Well, it had to happen sooner or later. According to Professor Valerian Ciocel, one of the legal experts taking part in Romanian legal reforms, new Criminal Code of that EU member country is going to decriminalise incest. Instead of being jailed, "consenting adults" caught in incest will be given psychiatric treatment without criminal records.
This story appears to be rather old, but it was picked by mainstream Croatian media only yesterday, most probably due to extra publicity created by Fritzl verdict. In any case, the timing for the revelation of this new initiative is worst possible. I can already imagine headlines like "Romanians Would Legalise Fritzl".
Most comments in Croatia, so far, has descended into usual ethnic stereotyping of an Eastern, Orthodox and therefore "barbaric and un-European nation". Many claim that the Romania was forced to do it due to widespread incest among members of their Roma community.

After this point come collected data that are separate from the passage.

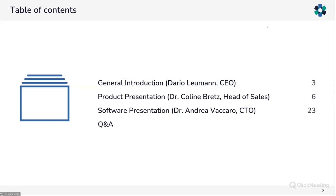I will start with a short general introduction and then hand over to Colleen Bretz, our head of sales, who will present the new features of the LS Spectrometer. We will conclude the presentation with a look at the new features of the LS Lab software, especially with a focus on the SLS data treatment suite, guided by Andrea Vaccaro, our CTO. Overall, we expect the presentation to be between 30 and 45 minutes, excluding the Q&A.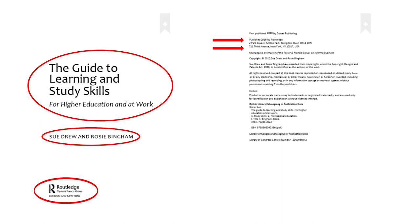Once I've found those details, I'll go back to the referencing guide again to make sure I have all the information I need and to see how to format my citation and reference.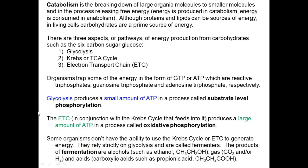Some organisms don't have the ability to use the Krebs cycle or the electron transport chain — they rely strictly on glycolysis and are called fermenters. They still take electrons in glycolysis but have to put them somewhere, usually adding them back to breakdown products. We form common byproducts such as alcohols, gases — carbon dioxide produced by fermentation makes bread rise — and acids, which is why fermented foods taste sour.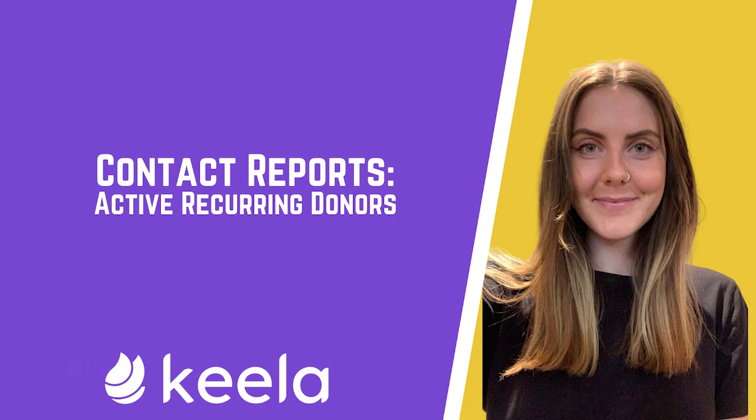Keyla has some great pre-built reports that are useful for segmenting and targeting your contacts. Let's walk through one of our most popular one-click reports and examine our active recurring donors.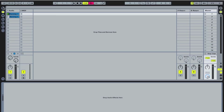What mid-side EQing is, is when you EQ the middle of a stereo signal separately from the sides, and you do this for a couple of reasons.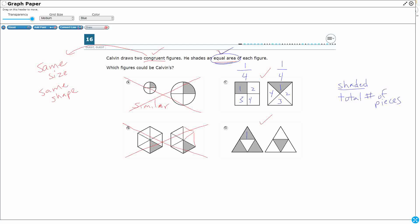Let's look at D real quick. I've got one, two, three pieces shaded out of four total. Now, at least D keeps the same triangles, but look, they're shading a different amount. So it's not going to be D either.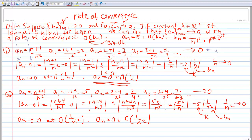Notice that in Example 2, the order has a bigger power of n. What that means is that the A sub n from Example 2 converges to 0 faster than the A sub n from Example 1. That shouldn't be surprising because in Example 2 we have an n cubed denominator, while in Example 1 we have an n squared denominator.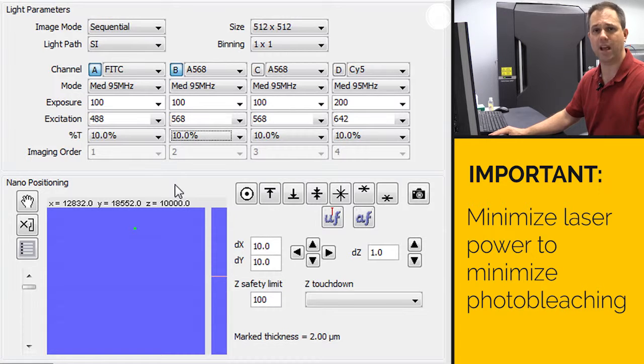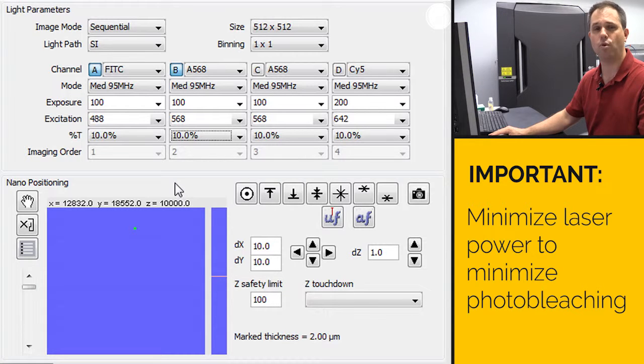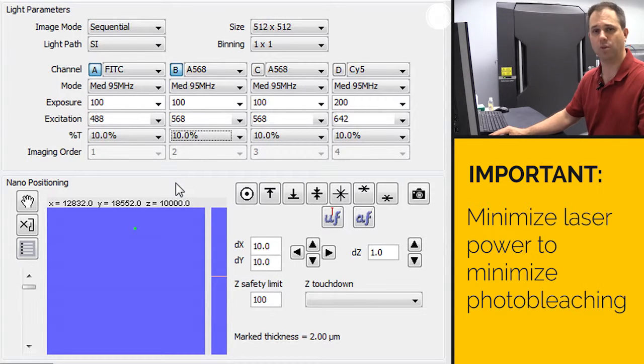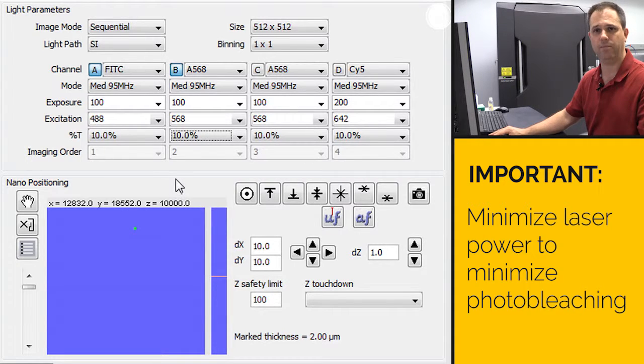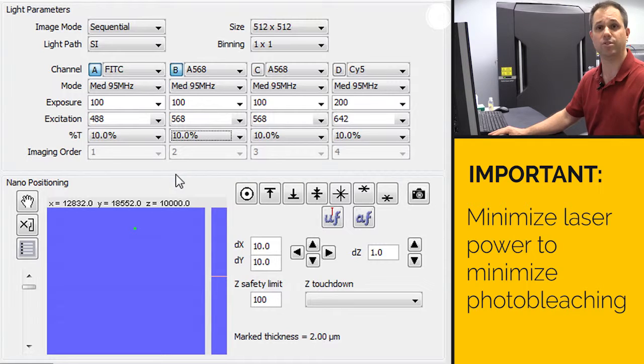Photobleaching of your sample is going to result in very poor reconstruction later on. So you really want to try to minimize this 10% or less if possible. So we'll set both of those to 10%. Those are the setups for your initial settings.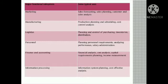Then logistics: planning and controlling of purchases, inventory, and distribution. Then personnel: planning personnel requirements, analyzing performance, and salary administration are personnel function subsystems.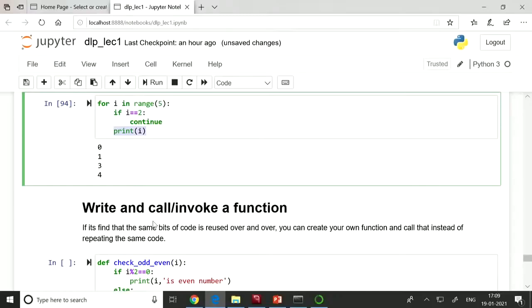Next is how to write and call or invoke a function. As shown earlier when calculating interest — if you have to calculate interest for a thousand people, you can write a simple function 'calculate_interest' and call it with arguments, instead of writing the same statement a thousand times. This is the use of functions: when the same bit of code is used over and over, you write a function once and call it repeatedly.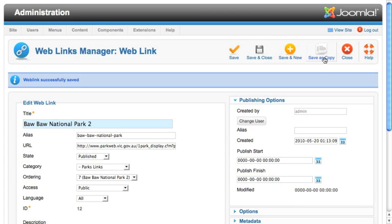Save & Copy is another new button. What happens here is the current page will be saved as a new item, and then you'll be returned to that new item to be able to edit it some more. But the old item that you were on will remain unchanged.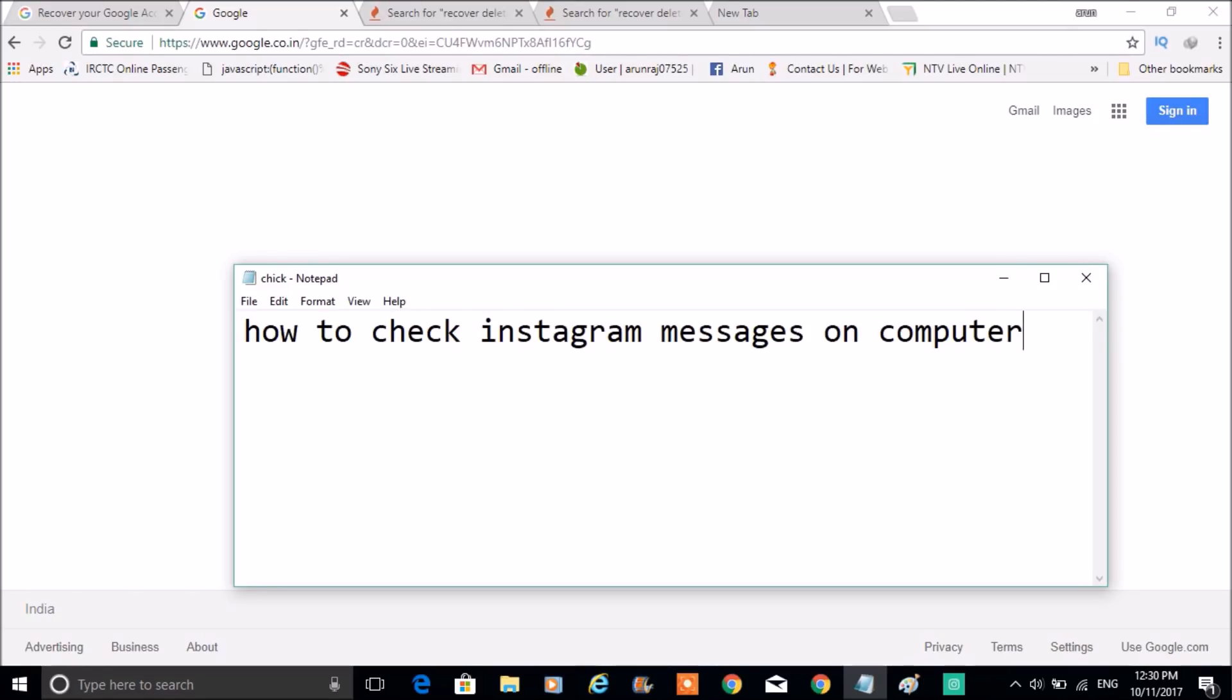Hello, good morning to you all. Today I'll show you how you can check your Instagram messages on your computer itself. For example, if you are using your Instagram application on an Android phone, iPhone, or Windows phone.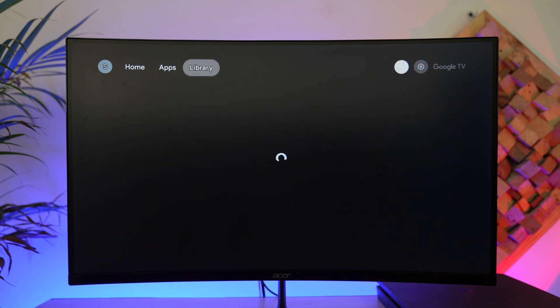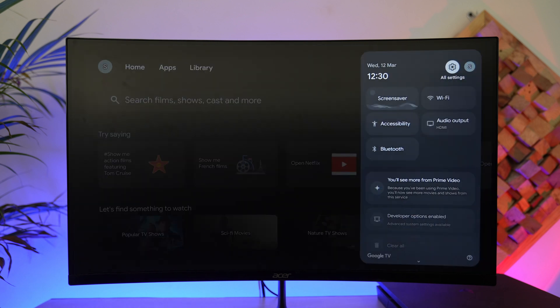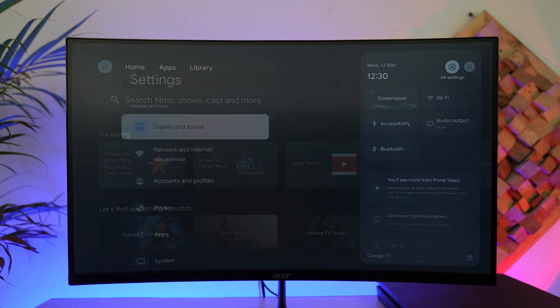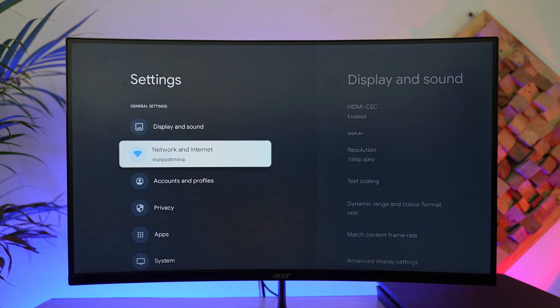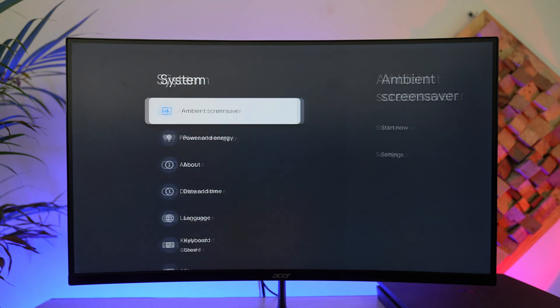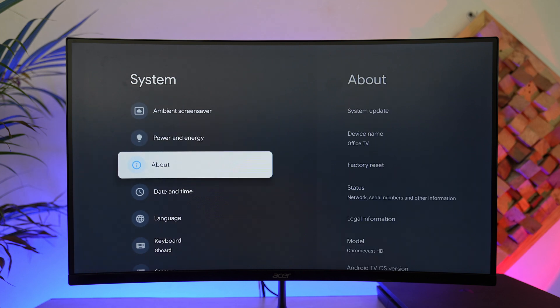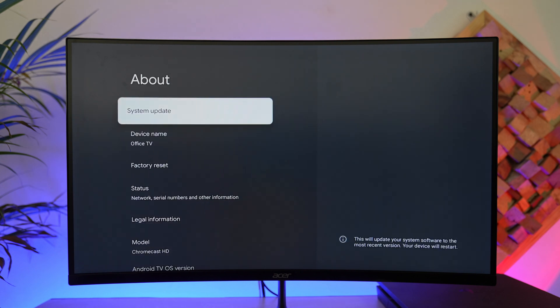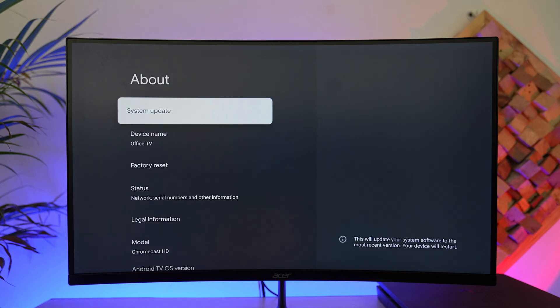Make sure that you're also updating your Chromecast to the latest version. Go to Settings, go to System, go to About, go to System Update, and check if there's an update available. Same for the Google Home app — make sure it is on the latest version.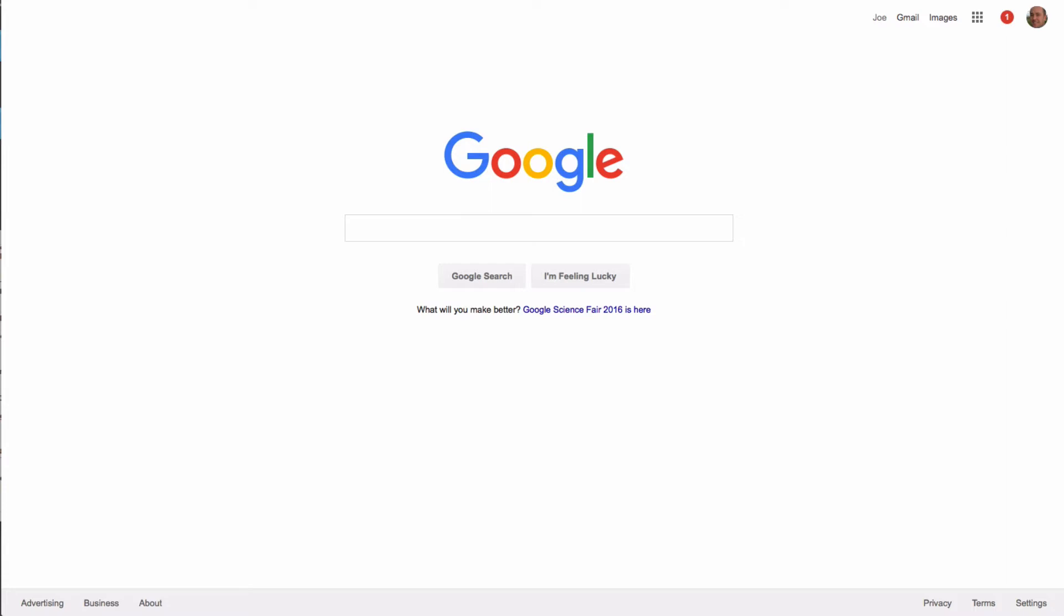So in this short video, I'm going to show you how you find those and how you remove them according to Google. I just got off the phone with a Google rep and this is what they told me to do.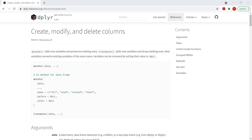I can say with complete confidence that one of the most useful functions in R is the mutate function. If you're performing any type of data analysis you're going to be creating new columns, modifying existing columns, and that's where the mutate function comes into play. We're going to learn the mutate function really well. In this video we'll look at a few basic examples, and in future videos we'll make it more interesting.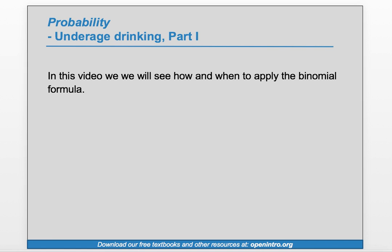Hi, this is Leah from Open Intro. In this video, we will see how and when to apply the binomial formula.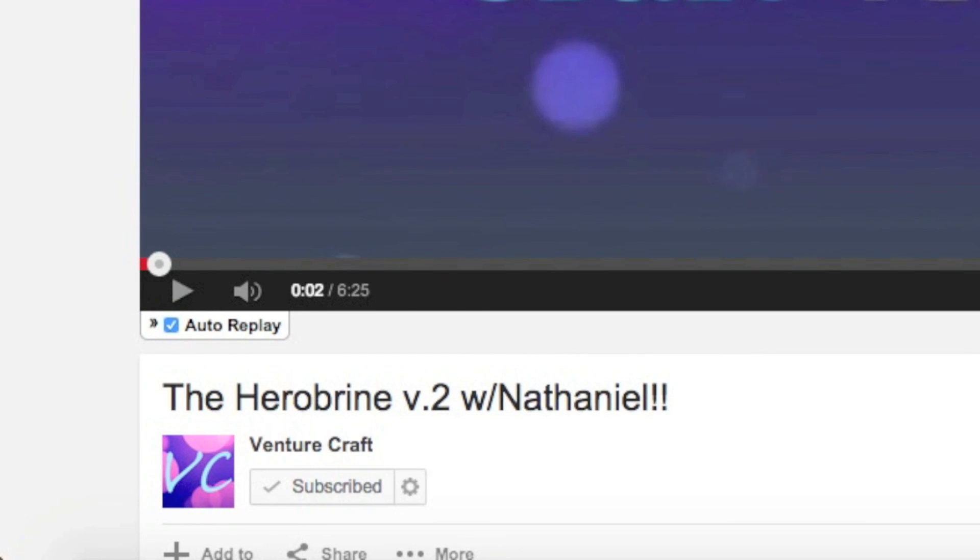that's in my opinion the best way to auto replay YouTube videos. Thanks guys. Subscribe for more tutorials and see you next time.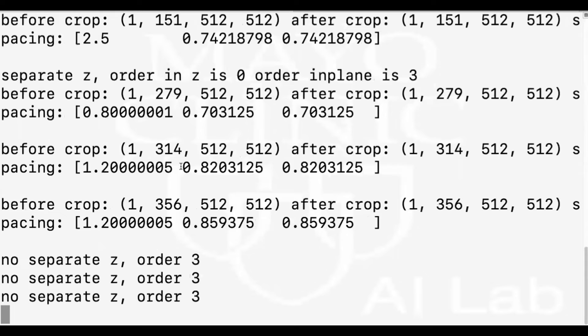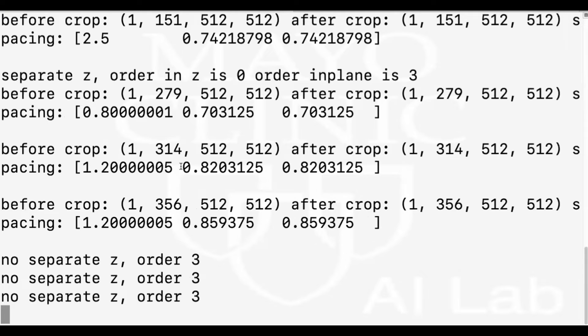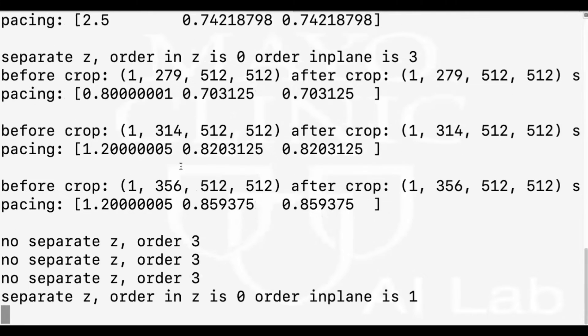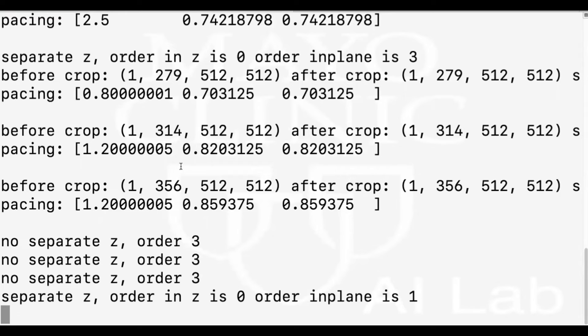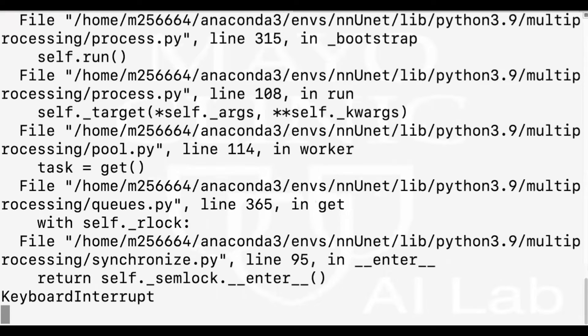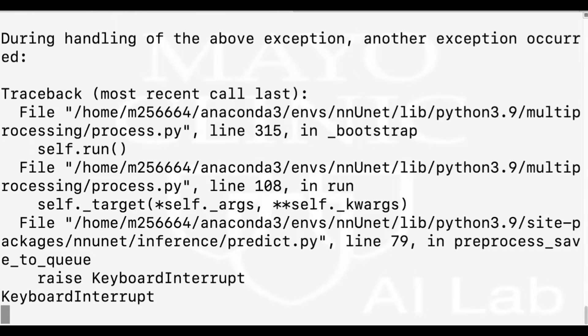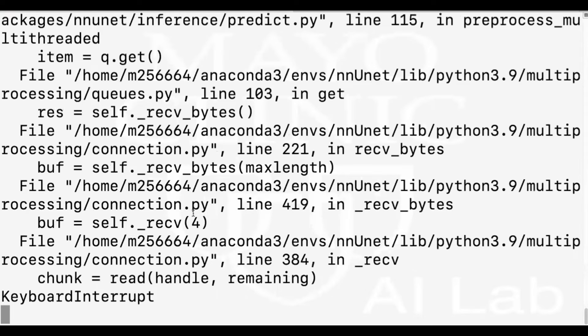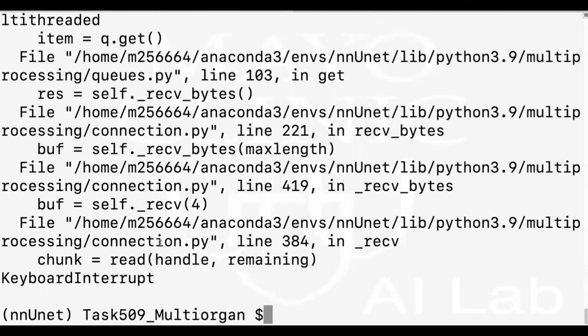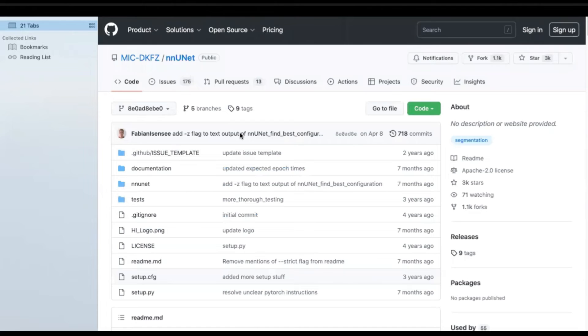Now nnU-Net is predicting. However, because it's time consuming, I will drop the prediction process. And I already did that for all test images and I have them in my folder. So I think that's enough to show how it works.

Most people who would try to comment on this without ethnic stereotyping are going to be social conservatives. For them, this initiative is going to be long-sought Holy Graal - convincing argument about liberal legislation paving the way for all kinds currently unacceptable sexual behaviours.
Just as homosexuality was first decriminalised, then legalised and tolerated by being viewed as a relationship between consenting adults, so would incest. The argument about "slippery slope" now looks more convincing.
On the other hand, one of the most important and convincing arguments for the preservation of incest as social taboo - likelihood of genetically deformed offspring of incestous pairs - was weakened by contraxeption, the very same technological advances that made sexual revolution possible.
Romania (and the rest of the "enlightened and progressive" Western world) took that road, but I still don't see legalisation and social acceptance of incestous pairs any time soon. The economic crisis - if it is as bad as many predict - would turn most people more conservative for at least decade or two. It would probably take three or four decades before constitutional amendments for sibling marriages in California.